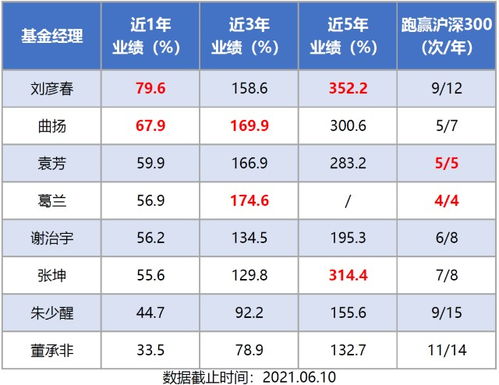 基金最大回撤是负数说明什么？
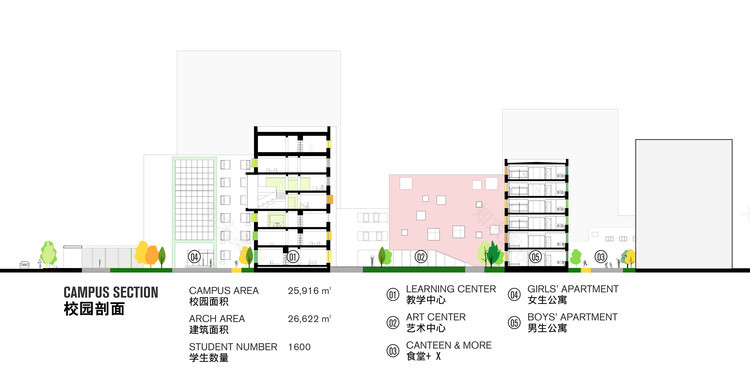 Chaoyang Future School Crossboundaries-29
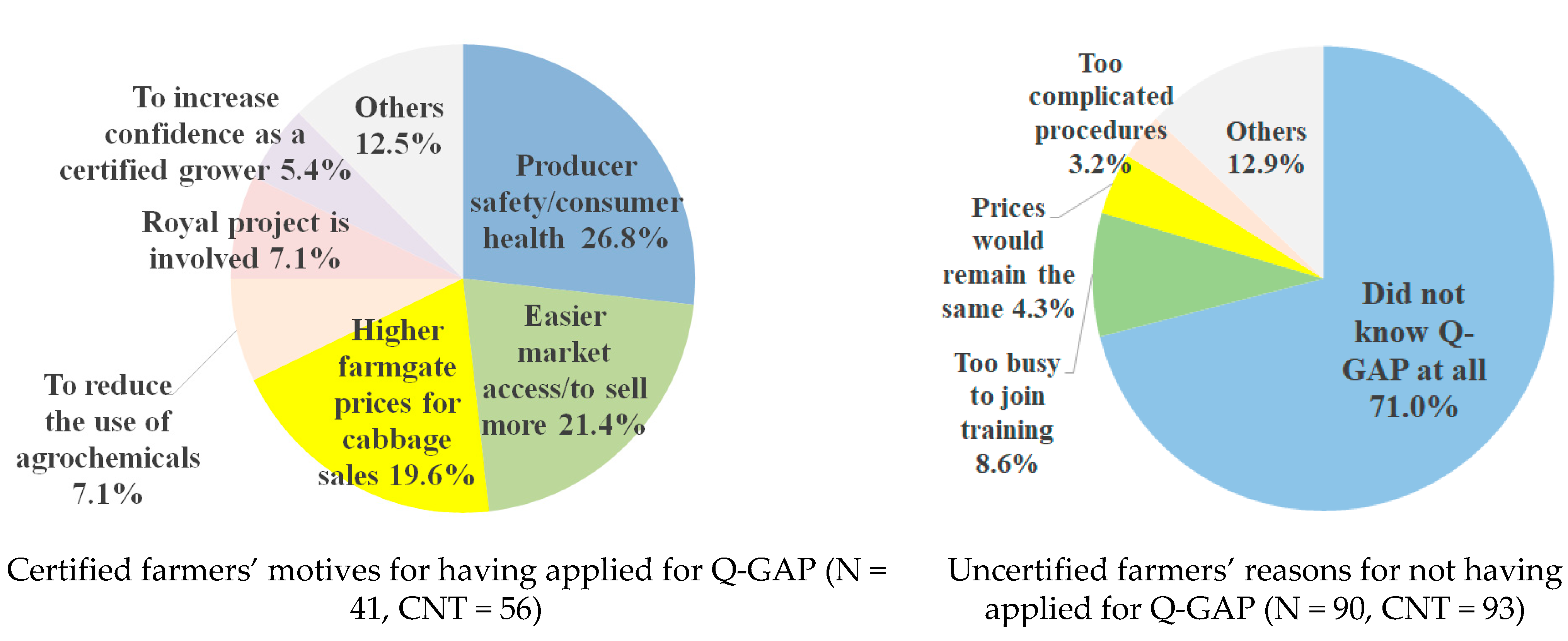 Sustainability  Free Full-Text  Producersu0027 Perceptions of Public 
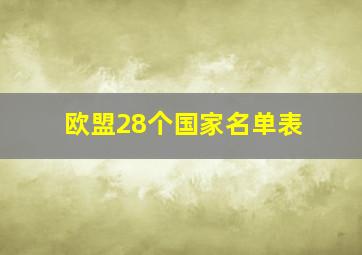 欧盟28个国家名单表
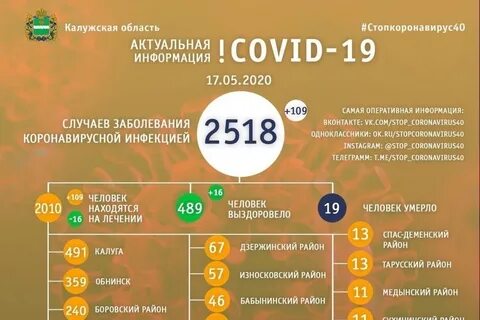 Статистика калуга сайт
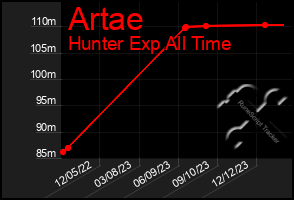 Total Graph of Artae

· · · ·

▶ **TASK TO COMPLETE**:
Omitting all images, print the listing exactly.

▶ **WRITTEN RESPONSE**:
 基金最大回撤是负数说明什么？
 Chaoyang Future School Crossboundaries-29
 Sustainability  Free Full-Text  Producersu0027 Perceptions of Public 
 欧盟28个国家名单表
 Статистика калуга сайт
 Total Graph of Artae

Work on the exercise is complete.